La pénurie de Pernik a provoqué une mini crise politique: début janvier, le ministre de l’Environnement Neno Dimov a été inculpé pour « mauvaise gestion préméditée » et contraint à la démission. Et le Premier ministre conservateur Boyko Borissov a fait face à  d’âpres débats parlementaires en surmontant mercredi une motion de censure.

Le parquet reproche au ministre démissionnaire d’avoir ignoré les alertes sur le niveau d’eau dans le barrage, d’une capacité de 20 millions de m3, et d’avoir renouvelé les autorisations permettant au groupe sidérurgique bulgare Stomana de s’y approvisionner.

Fief industriel déchu, Pernik a connu le sort des villes de l’ancien espace communiste qui ont vu leur tissu économique se déliter après 1989. L’usine Stomana reste le principal employeur de la commune.

« Victimes de négligence et corruption »

« Nous sommes victimes de négligence et corruption, pas du climat. Il y a trente ans une dizaine d’entreprises – aujourd’hui fermées – fonctionnaient, le niveau de l’eau était suivi au quotidien », et Pernik ne connaissait pas de pénurie, soupire Ivan Dragov, 67 ans, ancien ouvrier du réseau local de distribution d’eau.

L’ancienne maire de Pernik, battue aux élections d’octobre, est également mise en cause pour avoir refusé d’imposer le rationnement en pleine campagne municipale.

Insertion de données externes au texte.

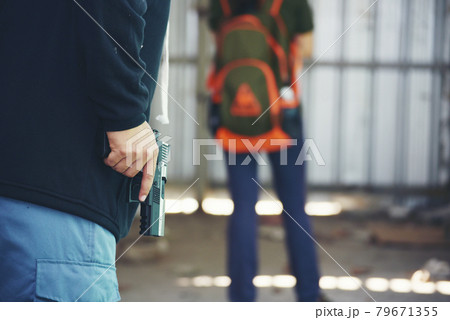 Thief armed man rob woman by gun on street so scared shocked face. Frightened asian woman was rob aggressive by danger bandit man. Robbery thief using gun burglar. Criminal aggression crime concept. Thief armed man rob woman by gun on street so scared shocked face. Frightened asian woman was rob aggressive by danger bandit man. Robbery thief using gun burglar. Criminal aggression crime concept. 79671355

Samedi, plusieurs centaines d’habitants ont manifesté leur colère devant le siège du gouvernement à Sofia aux cris de « Démission! », « Assassins », « Mafia! ».

Dans la famille Stoyanov, tout le quotidien est bouleversé par le rationnement: « A notre retour du travail à 19h00, nous courons prendre une douche et tâchons de tout laver jusqu’à l’arrêt à 22h00 », explique Yana.

Elle encourage ses filles de 5 et 9 ans à apprendre l’anglais: « Elles n’ont pas d’avenir ici. Nous les préparons à quitter la Bulgarie dès qu’elles seront adultes », confie la comptable.

Doté d’un jerrican de 60 litres va à une source naturelle

Employé dans une station de service de Pernik, Slavi Gueorguiev, 28 ans, s’est pour sa part doté d’un jerrican à 60 litres qu’il remplit régulièrement à une source naturelle, à sept kilomètres de la ville.

Avec des précipitations de 25% inférieures à la moyenne en 2019, deuxième année la plus chaude dans le monde, la Bulgarie a également pâti de la situation climatique. L’hiver est plus sec que la normale.

La crise de Pernik a aussi mis en lumière l’usure des infrastructures de distribution en Bulgarie, qui laissent s’échapper environ 60% de l’eau avant qu’elle parvienne aux consommateurs. A Pernik, les pertes s’élèvent à 75% dans ces canalisations datant des années 1960-1970.

A cause de cette situation, 315.000 personnes dans ce pays de 7 millions d’habitants sont soumises à des restrictions d’eau régulières, surtout en été.

« Nous ne pouvons pas verser de l’argent dans un tonneau sans fonds », s’est agacé le nouveau ministre de l’Environnement, Emil Dimitrov.

Le gouvernement a promis que 900 millions d’euros seraient utilisés d’ici deux ans pour rénover les canalisations, un chantier évalué à 6 milliards d’euros au total.

Si rien n’est fait pour Pernik, il n’y aura plus d’eau en avril, ont averti les pouvoirs publics. Pour maintenir l’approvisionnement six heures par jour, le gouvernement prévoit de dérouter, via Sofia, de l’eau d’un autre barrage. Reste à installer à temps les 13 kilomètres de tuyaux de ce raccordement.